Miriam Daly (née McDonnell; 6 May 1928 – 26 June 1980) was an Irish republican and communist activist as well as a university lecturer who was assassinated by the loyalist Ulster Defence Association (UDA) in 1980.

She was born Miriam Annette McDonnell in the Curragh Irish Army camp, County Kildare, Ireland, one of the two daughters of Commandant Daniel McDonnell and Anne McDonnell (née Cummins). Her father had served under Michael Collins in the War of Independence and as part of the pro-treaty National Army during the Irish Civil War. Afterwards, he developed pro-Labour views.

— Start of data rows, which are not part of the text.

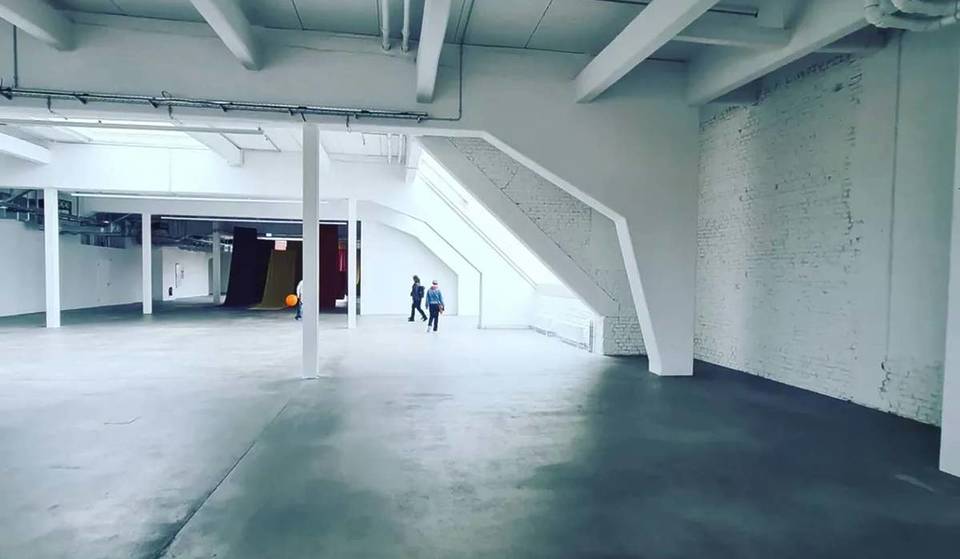 Nel cuore di Berlino, il più antico parcheggio multipiano d’Europa funge oggi da moderno polo gastronomico, di eventi e di design con una superficie industriale di 1.500 m² al 5° piano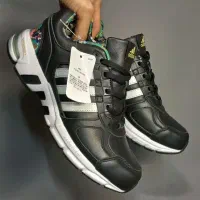 آدیداس اکومنت خط سفید طلایی و قرمز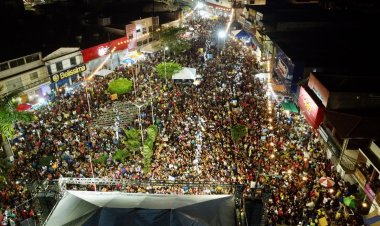 Com praça pública lotada, São Sebastião do Passé comemora 96 anos de Emancipação Política com shows de É o Tchan e Xanddy Harmonia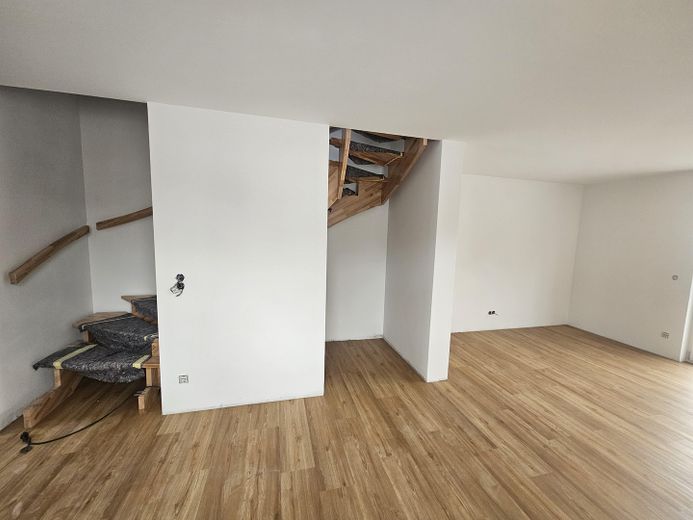 First occupancy townhouse in the new 8-family building according to KFW 40 standard – Treppe 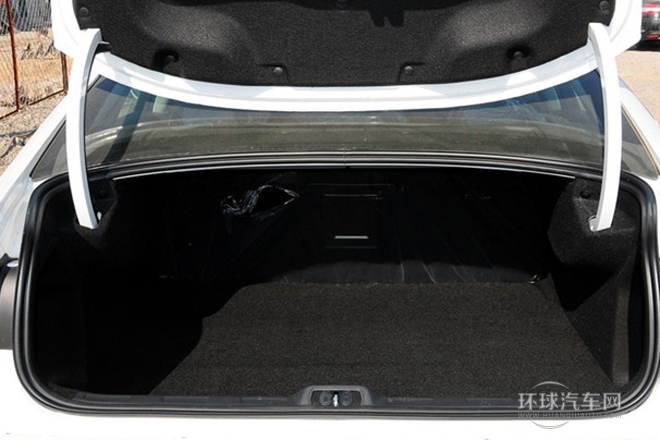 2013款 2.3L 自动尊驭型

She grew up in Hatch Street, Dublin, where she attended Loreto College on St Stephen's Green and then University College, Dublin. While at UCD, Daly was a member of Young Fine Gael. She graduated with a Bachelor of Arts degree in 1948 with first-class honours in history and economics, a Higher Diploma in Education in 1949, and then a first-class honours Master of Arts, with a dissertation on Irish labour in England in the first half of the nineteenth century. Between 1950 and 1953 she taught economic history as an assistant lecturer in University College Dublin alongside Robert Dudley Edwards, who sexually harassed her until one day her father arrived with a gun and confronted Edwards.

In 1953 she married the psychiatrist Joseph Lee and together the two moved to England, where she was an extramural history lecturer. She became an active member of the Association of University Teachers and a campaigner against the Vietnam War. Lee died of a heart attack in 1963. A year later she began teaching economic history at the University of Southampton.

In 1965 she married philosopher and social activist James Daly, who had family from Ulster. They moved to Ireland in 1968 and were appointed lecturers in the departments of scholastic philosophy and of economic and social history at Queen's University, Belfast. In 1970 they adopted twins.

Apart from her set course, Daly taught an extramural course on labour history whose students included numerous Protestant trade unionists. She also lectured both republican and loyalist prisoners in Long Kesh and cooperated with both on prisoner welfare work. She contributed regularly to RTÉ Radio's Thomas Davis lectures in 1972–3. She was a founding member of the Irish Labour History Society, served on its committee for several years and co-edited its journal Saothar. She was a co-founder of the Economic and Social History Society of Ireland, a committee member of the Ulster Society for Irish Historical Studies, a member of the editorial board of Irish Historical Studies, and organised the first conference on Irish labour history held at an Irish university in 1974.

Daly became active in the Northern Ireland civil rights movement following the introduction of internment without trial of suspected IRA members in 1972 by Westminster officials at the request of Prime Minister of Northern Ireland Brian Faulkner. She was active in the Northern Ireland Civil Rights Association (NICRA), and the Northern Resistance Movement (NRA), becoming involved in the former when she moved to Belfast; Daly subsequently joined the National Democratic Party (NDP), and its successor, the Social Democratic and Labour Party (SDLP). As a member of the SDLP she butted heads with John Hume and opposed advocacy for increased private home ownership rather than extended state housing. At the first SDLP annual conference, Daly led opposition to a motion condemning all political violence that was proposed by Hume.

The rapid escalation of violence in Northern Ireland during this period, in particular, the killing of 14 civil rights marchers by members of 1 PARA in Derry on 14 January 1972 in what later became known as "Bloody Sunday" further radicalised her. After Bloody Sunday, she left the SDLP and joined Sinn Féin in 1974.